Derrière la question de valorisation du patrimoine repose celle des savoir-faire : de la connaissance des matériaux et des techniques constructives autre que le béton armé, les parpaings, le verre et l’aluminium, des matériaux qui dominent aujourd’hui le marché de la construction au Sénégal. La perte de connaissances appauvrit l’offre architecturale et le marché de la construction, qui dépend de plus en plus de matériaux importés (carreaux, acier et aluminium), et en conséquence les bâtiments existants deviennent de plus en plus difficiles à rénover ou restaurer.
« On avait fait des recommandations pour créer un centre de formation aux métiers du patrimoine à Saint-Louis, qui permette de réapprendre aux gens les métiers liés à la sauvegarde et à la réhabilitation…. De pousser les recommandations et les patronats sénégalais à investir dans une unité de fabrication de tuiles, de briques en terre cuite, etc. pour que les éléments du patrimoine puissent être produits sur place, avec un centre de formation à côté qui permet maintenant d’utiliser ces éléments (la menuiserie, les charpentiers et tout ça) pour qu’au moins le travail sur le terrain puisse être effectif. » Fodé Diop
L’importance de la transmission de connaissances sur le patrimoine bâti et des lieux de transmission de ces connaissances est un projet de société qui nous permet d’avoir un regard critique sur notre histoire et de nous armer avec les outils pour valoriser nos différentes cultures et développer notre économie.

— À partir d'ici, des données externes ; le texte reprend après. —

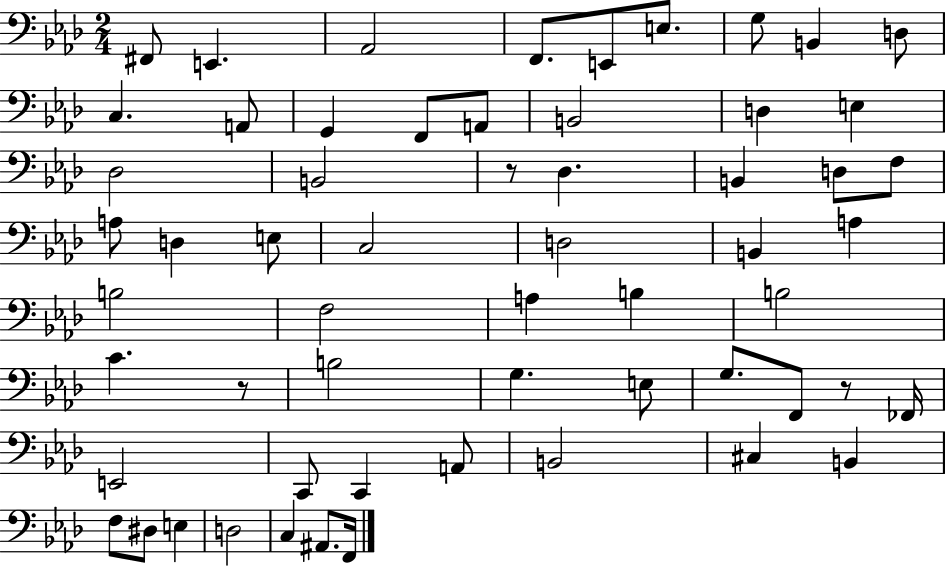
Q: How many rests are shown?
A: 3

Cette base est nécessaire pour faire des choix éclairés sur la transformation ou préservation du patrimoine et pour servir les intérêts de nos sociétés actuelles. L’oubli est certes une stratégie qui permet d’effacer et de reconstruire au prix de la perte de richesse patrimoniale, de ressources naturelles et de savoir-faire ancestraux au profit des politiques et des intérêts industriels actuels qui cherchent à s’octroyer le monopole des marchés.